Multi-year records of moderate resolution imaging spectroradiometer (MODIS), ground-based particulate matter mass concentration, cloud-aerosol lidar with orthogonal polarization (CALIOP), and ground-level lidar were analyzed to investigate seasonal and annual change of aerosol optical depth (AOD), Ångström exponent (Å), aerosol extinction coefficient, and particulate matter (PM10, PM2.5) mass concentration over East Asia. Least mean square (LMS) fit method is applied to detect the trends and their magnitudes for each selected regions and stations. Eleven-year MODIS measurements show mostly increasing AOD trend as well as Å trend, especially over the east coastal industrialized region in China, of 1.18 % yr-1 and 0.98 % yr-1, respectively.
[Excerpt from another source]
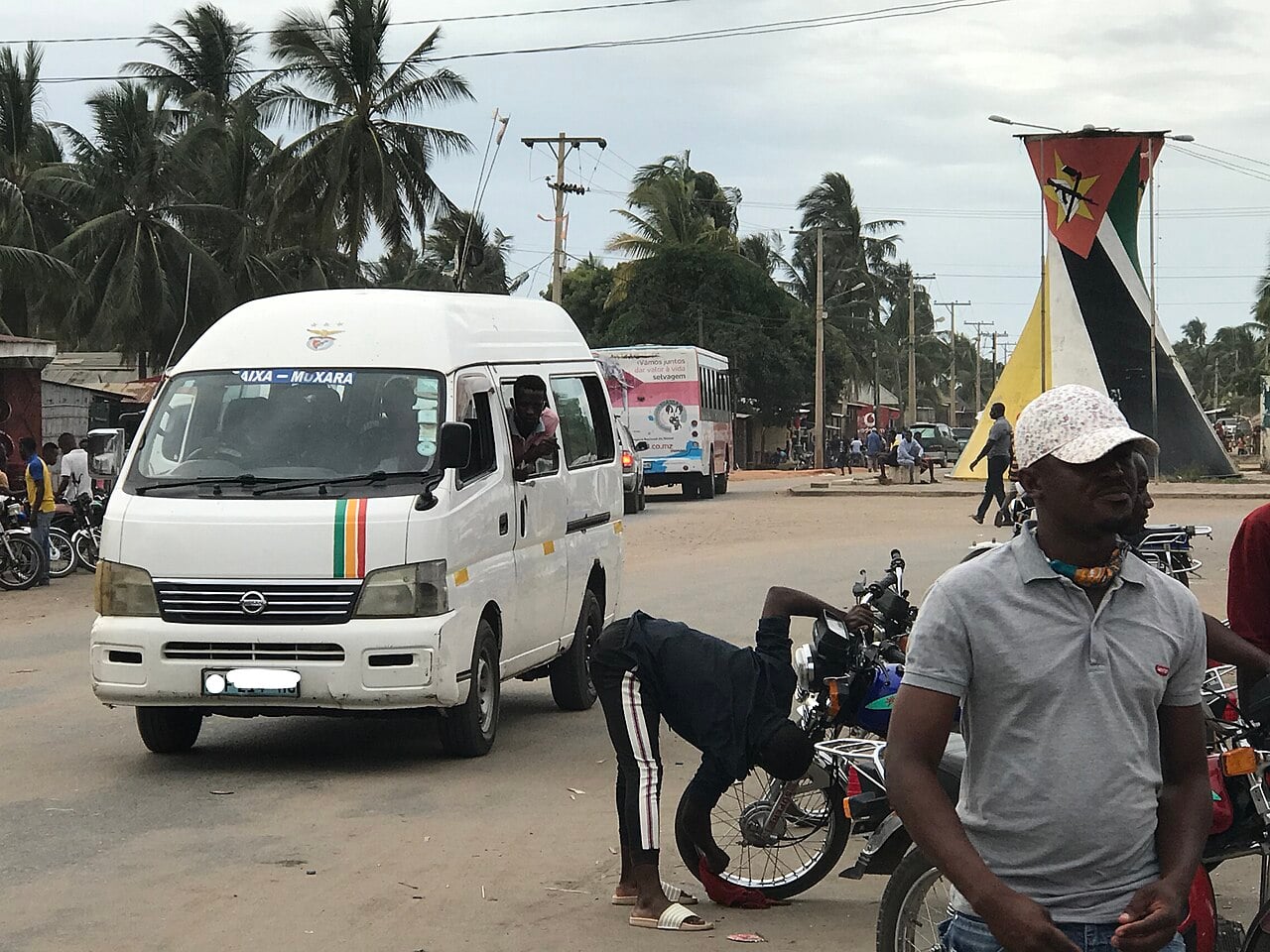 A street in Pemba, in Cabo Delgado Province, with a minibus, motorbike taxis and a monument painted as the Mozambican flag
Seasonal and monthly variation of AOD show maximum value at April-July over East Asia, which were related to progress of summer monsoon rain band and stationary continental air mass on the northeast of Asia. Increasing trends of AOD were found for eight China stations (0.80 % yr-1), Seoul, Korea (0.40 % yr-1), but no trend were shown in Gosan station and decreasing trend was shown in Japan (-0.42 % yr-1). Decreasing PM10 mass concentration trend were shown in China, Korea, and Japan of -1.28 % yr-1, -2.77 % yr-1, and -2.03 % yr-1, respectively. Also, PM2.5 mass concentration show significant decreasing trend of about -1.16 % yr-1 over East Asia. Interestingly, significant decreasing trend in surface PM10 and PM¬2.5 mass concentration over China stations (-1.28 % yr-1) do not agreed well with the trends of MODIS-derived AOD (0.80 % yr-1). AOD estimated for planetary boundary layer (PBL-AOD) from CALIOP measurements over East China show decreasing trend of -1.71 % yr-1, wherever AOD estimated for free troposphere (FT-AOD) show increasing trend of 2.92 % yr-1. In addition, ground-level lidar in Seoul (SNU-L) show decreasing PBL-AOD trend of -2.57 % yr-1 and increasing FT-AOD trend of -0.40 % yr-1. This significant decreasing PBL-AOD and increasing FT-AOD trend is attributable to the relative contribution of complex processes that possibly include change in surface wind speed, total rainy days, atmospheric and hydrological cycle, and East Asian summer monsoon over East Asia.